Quali ripercussioni potrebbero avere i fatti di Gaza sul proseguo dei negoziati di pace israelo-palestinesi?
«Per quanto ci riguarda, abbiamo dato ampia prova del fatto che consideriamo il negoziato una scelta strategica. Ma proprio perché tale, la strada del negoziato va perseguita con determinazione e coerenza. Da parte di tutti. E non c’è dubbio che l’escalation militare israeliana come peraltro l’incessante colonizzazione dei Territori non possono non incidere negativamente sul dialogo.
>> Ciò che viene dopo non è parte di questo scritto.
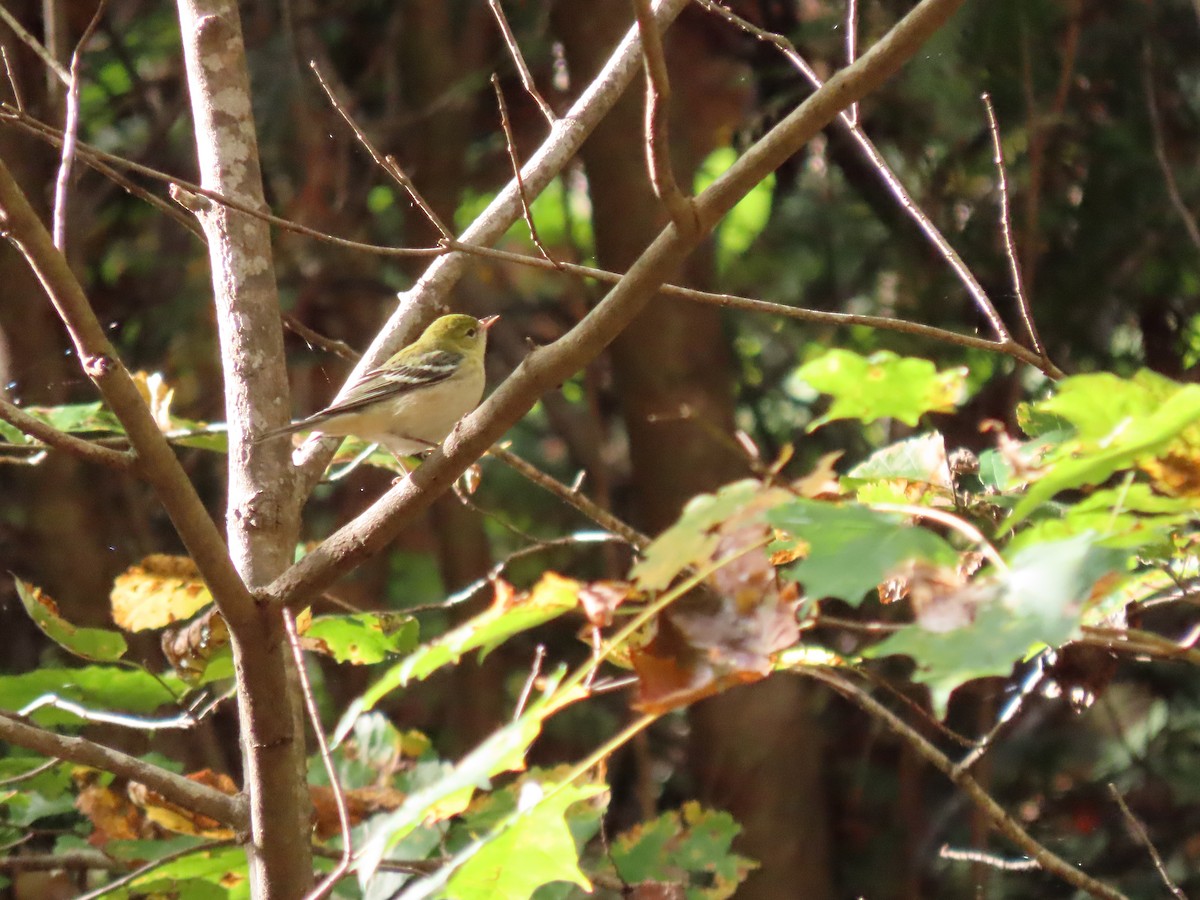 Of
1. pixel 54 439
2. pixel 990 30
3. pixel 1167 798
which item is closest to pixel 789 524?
pixel 54 439

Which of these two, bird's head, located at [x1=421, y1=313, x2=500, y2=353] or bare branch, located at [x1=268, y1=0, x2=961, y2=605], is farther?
bird's head, located at [x1=421, y1=313, x2=500, y2=353]

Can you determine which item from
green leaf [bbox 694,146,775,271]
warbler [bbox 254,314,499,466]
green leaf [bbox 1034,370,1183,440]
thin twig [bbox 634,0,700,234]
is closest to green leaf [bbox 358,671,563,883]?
green leaf [bbox 1034,370,1183,440]

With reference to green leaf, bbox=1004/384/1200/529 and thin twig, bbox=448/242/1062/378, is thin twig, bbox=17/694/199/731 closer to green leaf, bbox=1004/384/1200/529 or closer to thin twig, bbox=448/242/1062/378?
thin twig, bbox=448/242/1062/378

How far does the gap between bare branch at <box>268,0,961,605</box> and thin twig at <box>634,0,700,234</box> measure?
0.03 m

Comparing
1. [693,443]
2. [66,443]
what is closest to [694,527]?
[66,443]

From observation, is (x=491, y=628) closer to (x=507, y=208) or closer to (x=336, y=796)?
(x=336, y=796)

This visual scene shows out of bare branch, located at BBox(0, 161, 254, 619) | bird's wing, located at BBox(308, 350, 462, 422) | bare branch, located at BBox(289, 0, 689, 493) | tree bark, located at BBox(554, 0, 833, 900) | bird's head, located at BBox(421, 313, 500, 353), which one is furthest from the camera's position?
tree bark, located at BBox(554, 0, 833, 900)

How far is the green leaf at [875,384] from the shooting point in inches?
50.7

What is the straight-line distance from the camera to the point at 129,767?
1983 mm

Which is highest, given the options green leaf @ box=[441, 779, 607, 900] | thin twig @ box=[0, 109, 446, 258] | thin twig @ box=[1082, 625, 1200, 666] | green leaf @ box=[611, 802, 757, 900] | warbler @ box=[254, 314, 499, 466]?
thin twig @ box=[0, 109, 446, 258]

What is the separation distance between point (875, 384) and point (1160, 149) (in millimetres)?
2996

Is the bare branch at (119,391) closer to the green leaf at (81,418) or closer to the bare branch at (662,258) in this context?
the bare branch at (662,258)

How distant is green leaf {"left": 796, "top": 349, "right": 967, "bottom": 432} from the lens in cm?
129

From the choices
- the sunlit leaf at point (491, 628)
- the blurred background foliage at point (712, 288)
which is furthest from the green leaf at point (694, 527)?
the blurred background foliage at point (712, 288) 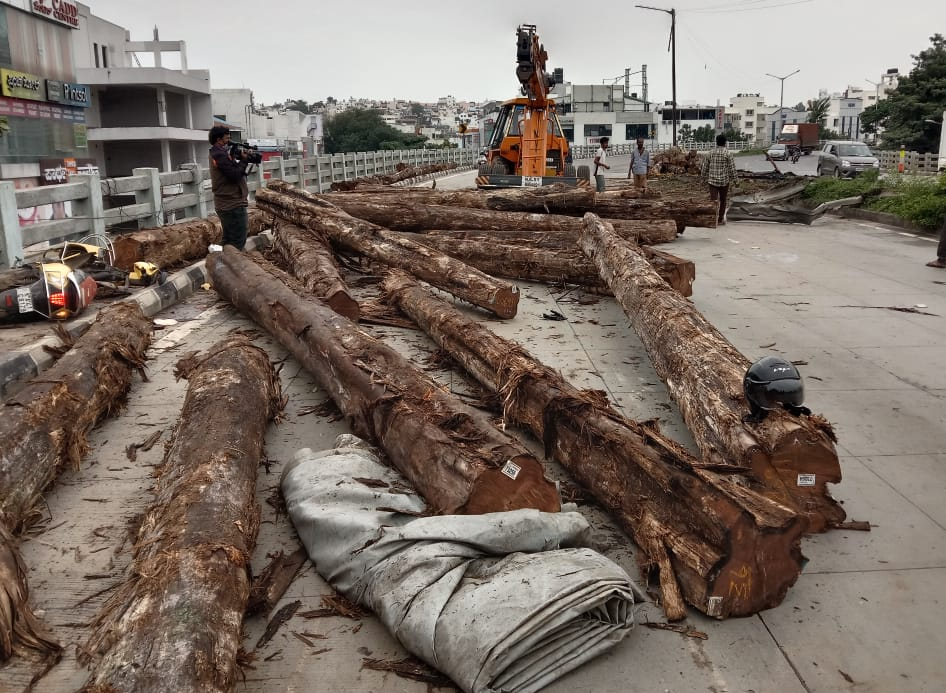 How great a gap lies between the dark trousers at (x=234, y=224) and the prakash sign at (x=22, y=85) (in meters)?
28.7

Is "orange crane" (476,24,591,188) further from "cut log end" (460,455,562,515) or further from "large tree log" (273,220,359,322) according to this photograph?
"cut log end" (460,455,562,515)

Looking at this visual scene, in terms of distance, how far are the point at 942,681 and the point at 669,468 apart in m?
1.33

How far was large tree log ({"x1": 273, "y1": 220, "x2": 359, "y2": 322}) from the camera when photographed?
7660mm

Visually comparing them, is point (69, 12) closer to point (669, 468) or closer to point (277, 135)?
point (669, 468)

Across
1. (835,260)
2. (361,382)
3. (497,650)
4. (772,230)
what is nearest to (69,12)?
(772,230)

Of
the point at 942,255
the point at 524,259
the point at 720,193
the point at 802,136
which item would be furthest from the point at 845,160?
the point at 802,136

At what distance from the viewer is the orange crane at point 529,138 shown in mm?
16328

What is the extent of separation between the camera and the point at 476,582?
10.1ft

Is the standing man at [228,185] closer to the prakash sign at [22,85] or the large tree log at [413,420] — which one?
the large tree log at [413,420]

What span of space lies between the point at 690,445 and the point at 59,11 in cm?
4377

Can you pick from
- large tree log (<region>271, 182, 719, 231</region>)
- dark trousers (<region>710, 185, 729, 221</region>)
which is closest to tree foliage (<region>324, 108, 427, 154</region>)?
dark trousers (<region>710, 185, 729, 221</region>)

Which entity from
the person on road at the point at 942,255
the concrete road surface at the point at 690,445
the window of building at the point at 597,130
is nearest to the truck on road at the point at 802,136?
the window of building at the point at 597,130

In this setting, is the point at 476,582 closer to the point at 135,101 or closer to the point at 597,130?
the point at 135,101

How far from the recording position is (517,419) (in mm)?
5105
La pace non è un problema che riguarda solo i governanti ma innanzitutto i popoli. E la pace rischia di essere una parola priva di senso agli occhi di centinaia di migliaia di palestinesi che ogni giorno devono fare i conti con le sofferenze, le ingiustizie, le umiliazioni provocate dall’occupazione israeliana. Il miglioramento delle condizioni di vita della popolazione palestinese non è solo nell’interesse del mio governo ma dovrebbe esserlo anche di Israele, perché non c’è sicurezza nell’oppressione. Il che significa che i palestinesi devono potersi muovere, le merci devono poter circolare e le esportazioni devono riprendere».
Qual è oggi, sulla base delle informazioni in suo possesso, la situazione a Gaza?
«A Gaza c’è bisogno di tutto. A cominciare dal combustibile. Le riserve di nafta possono soddisfare il fabbisogno primario per i prossimi due-tre giorni, poi le scorte si esauriranno. La mancanza di combustibile e dell’elettricità significa bloccare tutte le attività vitali nella Striscia, incluse le pompe per la distribuzione dell’acqua e i generatori degli ospedali. Questa è la realtà. Quali sono le colpe di cui si sarebbero macchiati i bambini o gli anziani ricoverati negli ospedali per i quali la mancanza di elettricità significa impossibilità di essere sottoposti alle cure necessarie?».
Israele ribatte che le misure adottate sono conseguenza del continuo lancio di razzi Qassam dalla Striscia contro Sderot, Ashqelon e il sud del Negev…
«Non è corretto mettere sullo stesso piano il panico degli israeliani e il sangue dei palestinesi. La sproporzione dovrebbe essere evidente a tutti. Detto questo, occorre avere il coraggio politico e il senso di responsabilità per affermare che il lancio dei razzi ci ha portato solo catastrofi e tempi duri…».
Il suo è un atto d’accusa contro Hamas?
«Con il colpo di mano militare condotto a Gaza, Hamas ha moltiplicato la sofferenza della popolazione civile. Con il suo agire fuorilegge, Hamas sta distruggendo le nostre aspirazioni nazionali. Per quanto è nelle mie possibilità, farò di tutto per impedire questa deriva. All’Italia chiedo di continuare ad esserci a fianco, di sostenere gli sforzi del mio governo e del presidente Abbas di ripristinare la legalità nei Territori».
Da Gaza Ismail Haniyeh, il premier destituito di Hamas, continua a parlare e ad agire come se fosse ancora primo ministro. Ciò significa che in campo c’è anche la possibilità di due Stati palestinesi?
«Assolutamente no. Questa prospettiva non esiste né ora né mai. Il colpo di mano militare di Hamas non può oscurare una verità storica: esiste un unico popolo palestinese e nel futuro c’è spazio per un solo Stato di Palestina. Uno Stato democratico, plurale, che dia a tutti la possibilità di esprimersi e di realizzarsi».